◆ EXERCISE REQUIREMENTS ◆
Since only the words are wanted, reproduce every entry exactly and leave the images behind.

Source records
..............................
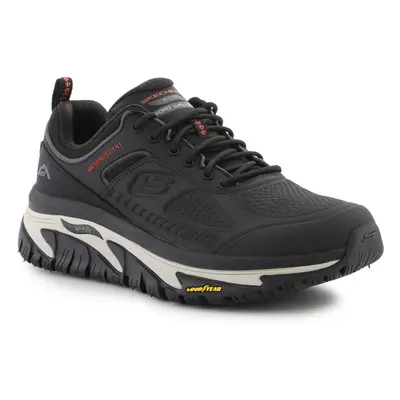 Skechers Arch Fit Road Walker - Recon 37333-BLK Black Rövid szárú edzőcipők Fekete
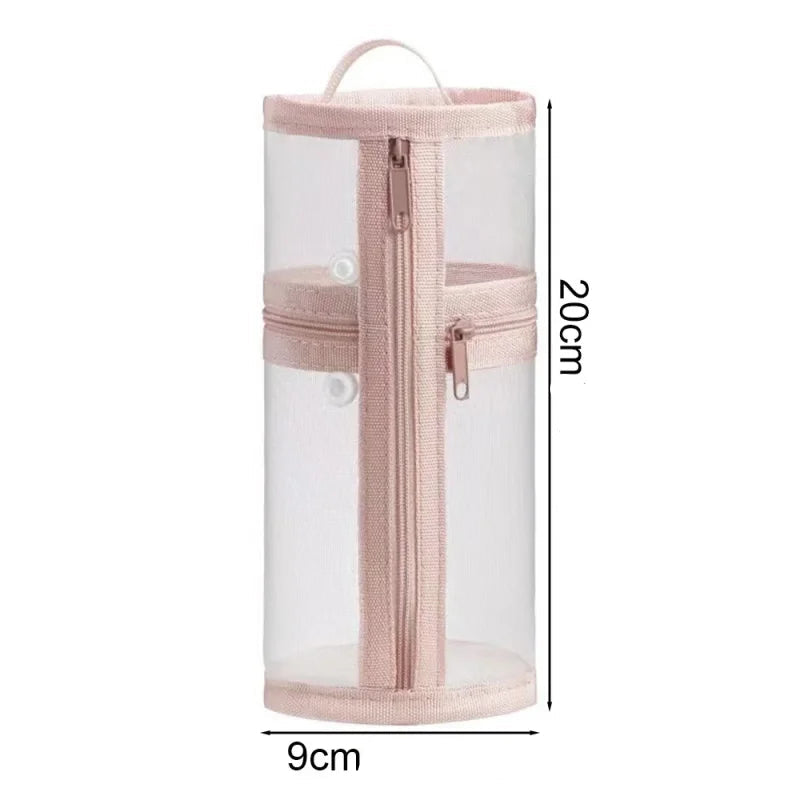 Trousse à pinceaux en filet – 23 × 17,5 cm – vue 2 | Les Secrets de Léa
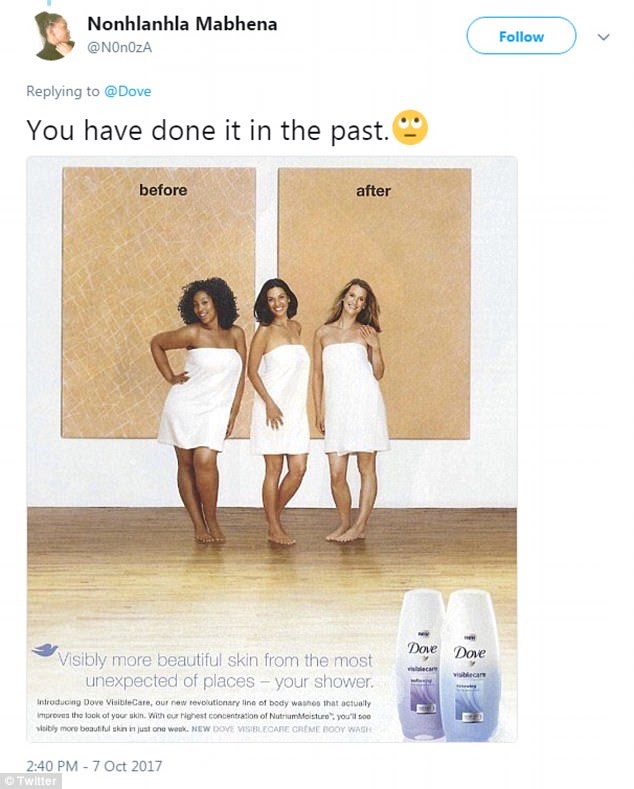 Dove campaign - Twitter reaction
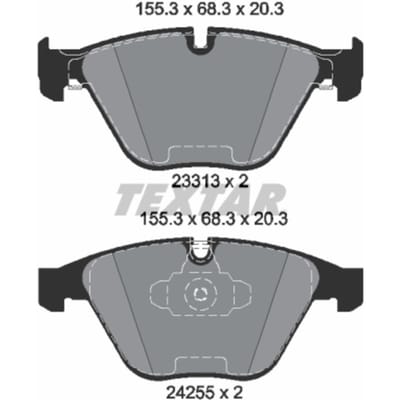 Remblokset TEXTAR 2331301, voor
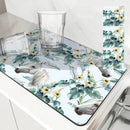 Axyaa Non-Slip Absorbent Drying Mat for Kitchen Counter and Tableware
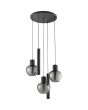 Brilliant 51295/93-BR Hanglamp Ligari rookglas 68cm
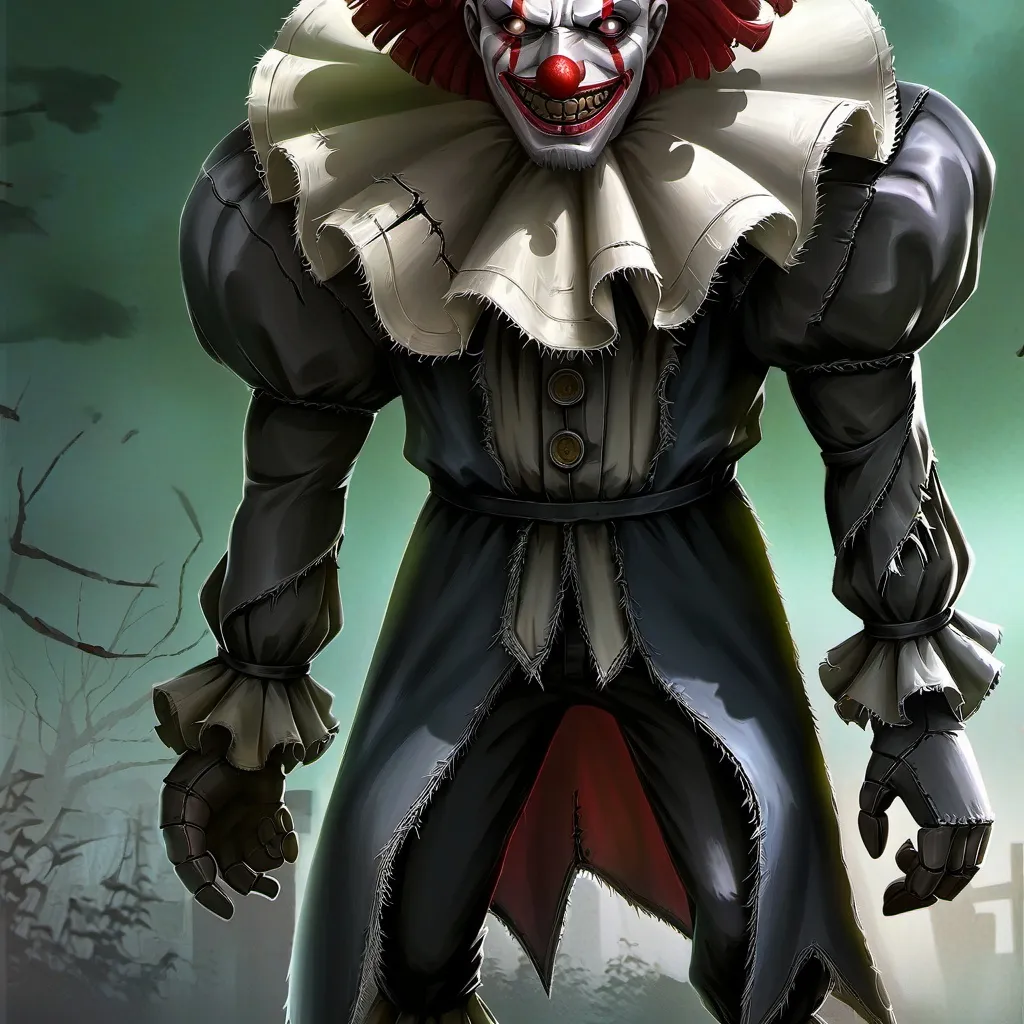 chat with ai character: the clown of death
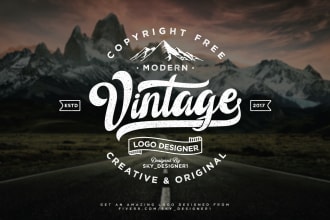 do hipster classic retro badge or vintage logo design for business and t shirts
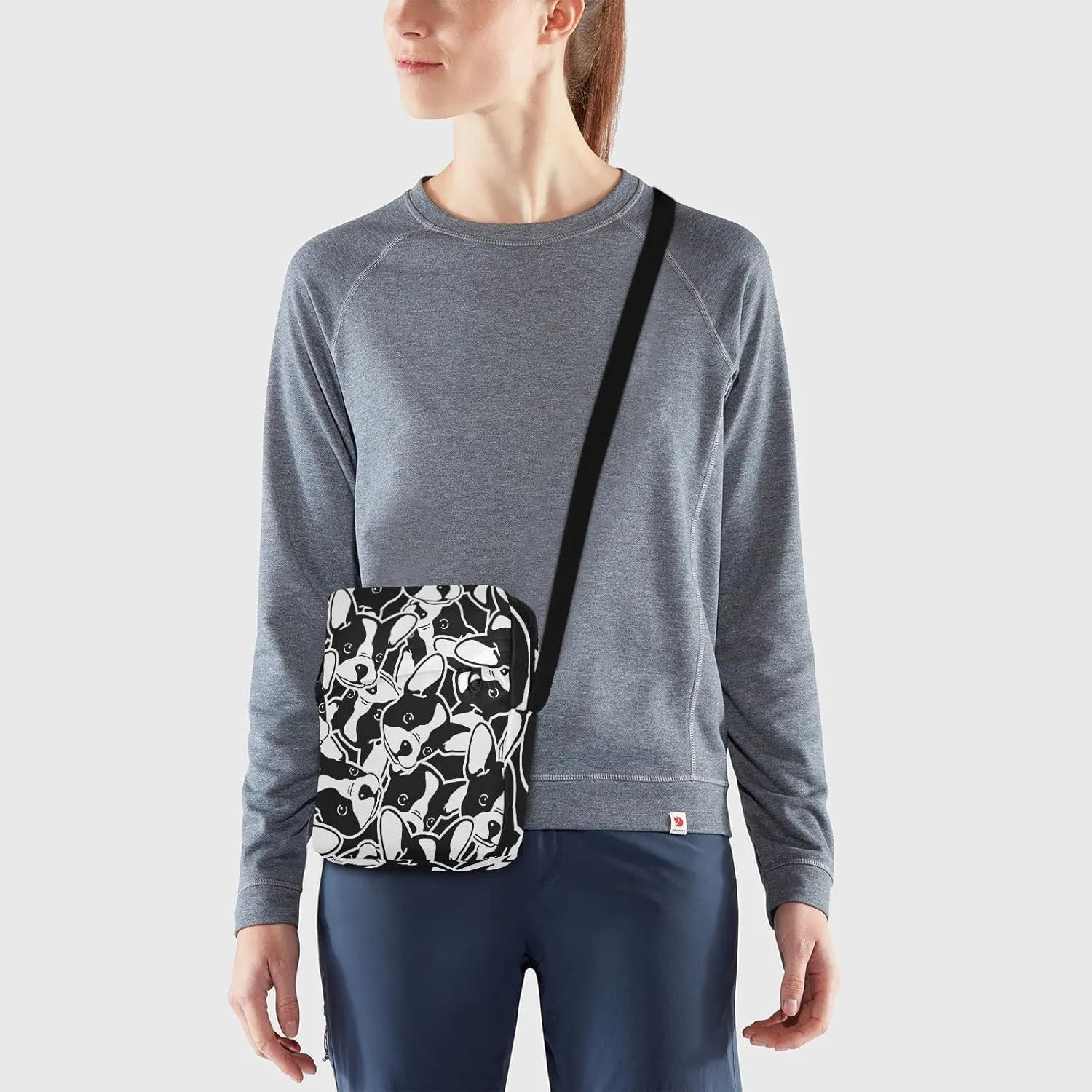 Poeticcity Crossbody Phone Bag, Small Messenger Shoulder Bag, Cash Handbag Wallet Purse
..............................
◆ RESPONSE TO THIS EXERCISE ◆
 Skechers Arch Fit Road Walker - Recon 37333-BLK Black Rövid szárú edzőcipők Fekete
 Trousse à pinceaux en filet – 23 × 17,5 cm – vue 2 | Les Secrets de Léa
 Dove campaign - Twitter reaction
 Remblokset TEXTAR 2331301, voor
 Axyaa Non-Slip Absorbent Drying Mat for Kitchen Counter and Tableware
 Brilliant 51295/93-BR Hanglamp Ligari rookglas 68cm
 chat with ai character: the clown of death
 do hipster classic retro badge or vintage logo design for business and t shirts
 Poeticcity Crossbody Phone Bag, Small Messenger Shoulder Bag, Cash Handbag Wallet Purse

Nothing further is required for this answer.